=== Begin Enclosure ===
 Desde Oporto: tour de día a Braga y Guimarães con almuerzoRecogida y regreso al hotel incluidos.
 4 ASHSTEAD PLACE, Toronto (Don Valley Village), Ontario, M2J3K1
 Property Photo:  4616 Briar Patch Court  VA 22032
=== End Enclosure ===
=== Begin Enclosure ===
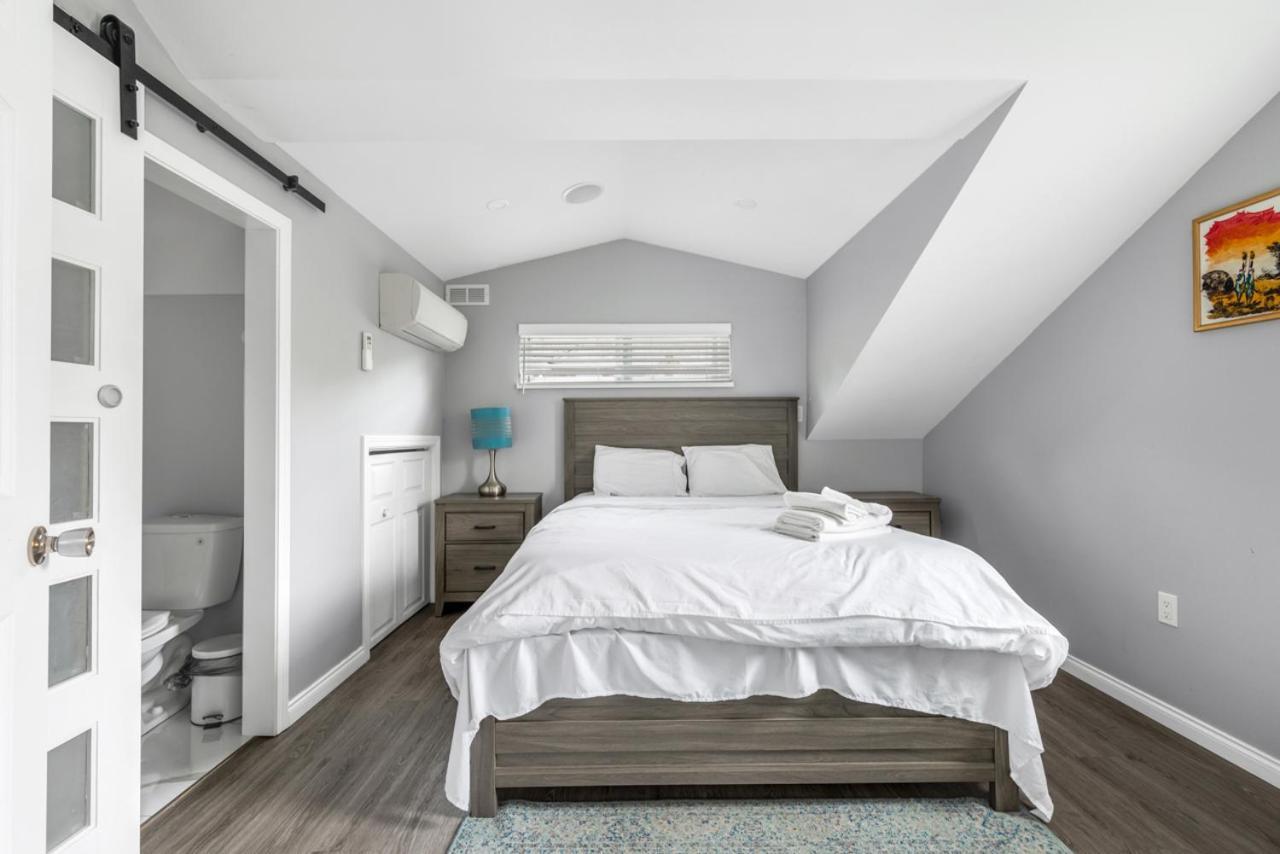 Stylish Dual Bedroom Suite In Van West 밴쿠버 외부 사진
=== End Enclosure ===
§ TASK BRIEF: Take the listing above and repeat exactly the lines from the one containing "Desde Oporto: tour" through the one containing "4616 Briar Patch", both included.

§ TASK ANSWER:
 Desde Oporto: tour de día a Braga y Guimarães con almuerzoRecogida y regreso al hotel incluidos.
 4 ASHSTEAD PLACE, Toronto (Don Valley Village), Ontario, M2J3K1
 Property Photo:  4616 Briar Patch Court  VA 22032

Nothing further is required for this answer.